145 Cal. App. 2d 667 | Cal. Ct. App. | 1956

145 Cal. App. 2d 667 (1956)

THE PEOPLE, Respondent,
v.
SAM JUNIOR MULLINS et al., Defendants; FRANK BRADHAM, Appellant.

Crim. No. 2683.

California Court of Appeals. Third Dist.

Nov. 7, 1956.

James F. Roach, under appointment by the District Court of Appeal, for Appellant.

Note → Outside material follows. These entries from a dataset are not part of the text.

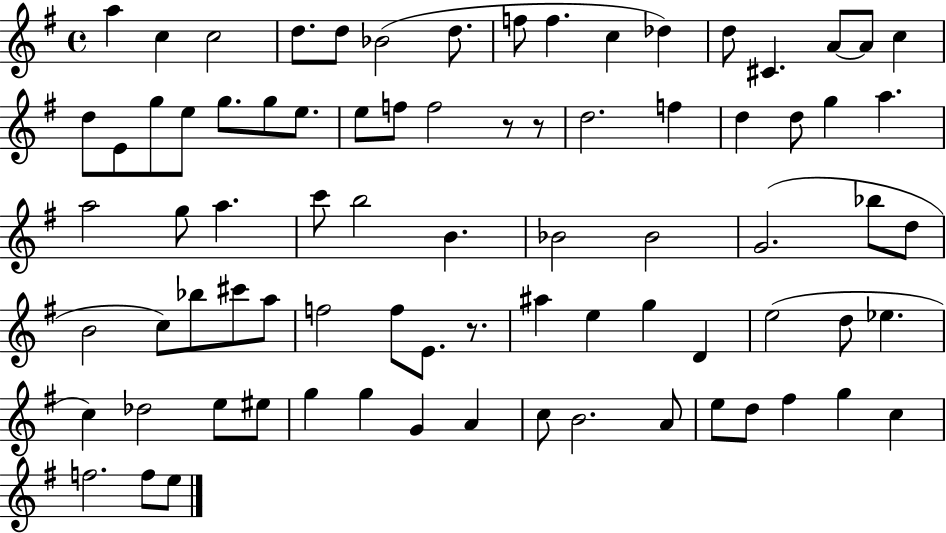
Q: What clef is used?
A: treble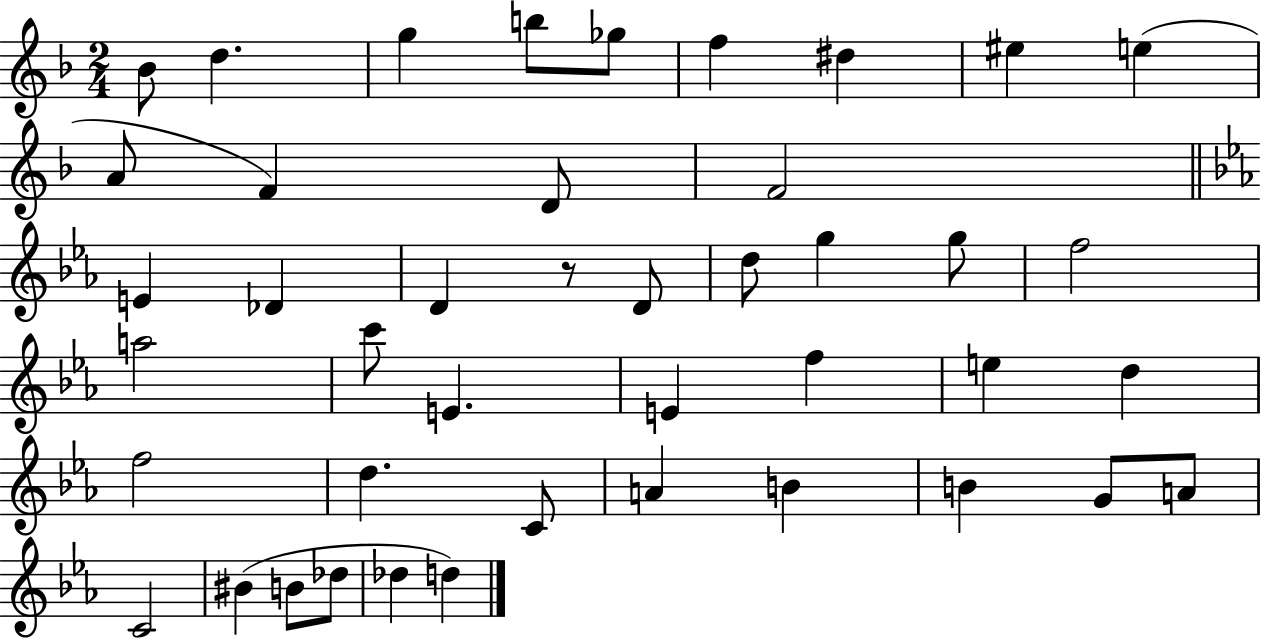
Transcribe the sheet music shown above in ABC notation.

X:1
T:Untitled
M:2/4
L:1/4
K:F
_B/2 d g b/2 _g/2 f ^d ^e e A/2 F D/2 F2 E _D D z/2 D/2 d/2 g g/2 f2 a2 c'/2 E E f e d f2 d C/2 A B B G/2 A/2 C2 ^B B/2 _d/2 _d d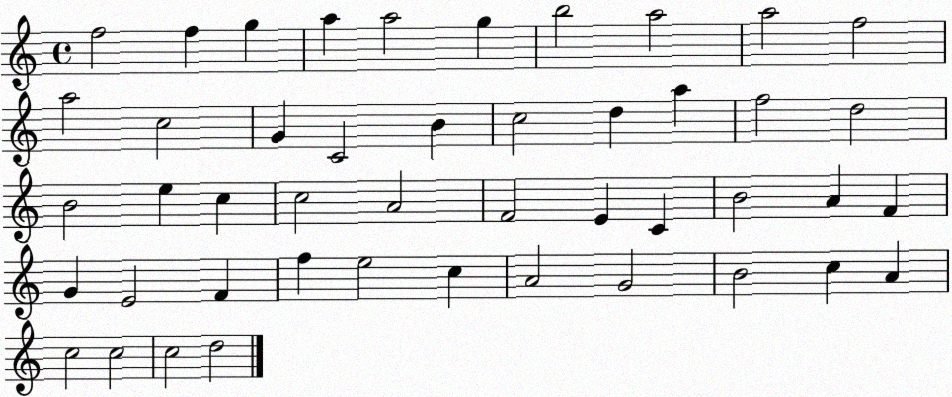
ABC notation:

Edmund G. Brown, Attorney General, and Doris H. Maier, Deputy Attorney General, for Respondent.

PEEK, J.

Defendant Bradham, together with two codefendants, Smith and Mullins, was charged with a violation *669 of section 211 of the Penal Code. The defendants were tried jointly following pleas of not guilty. The defendant Smith was found not guilty, and the defendants Mullins and Bradham were found guilty of robbery in the second degree. The motion of the defendant Bradham for a new trial was denied. He alone appeals from that order and from the judgment of conviction, contending generally that the evidence was insufficient to support the conviction; that the trial court committed prejudicial error during the trial and on the motion for new trial; and that the district attorney was guilty of prejudicial misconduct.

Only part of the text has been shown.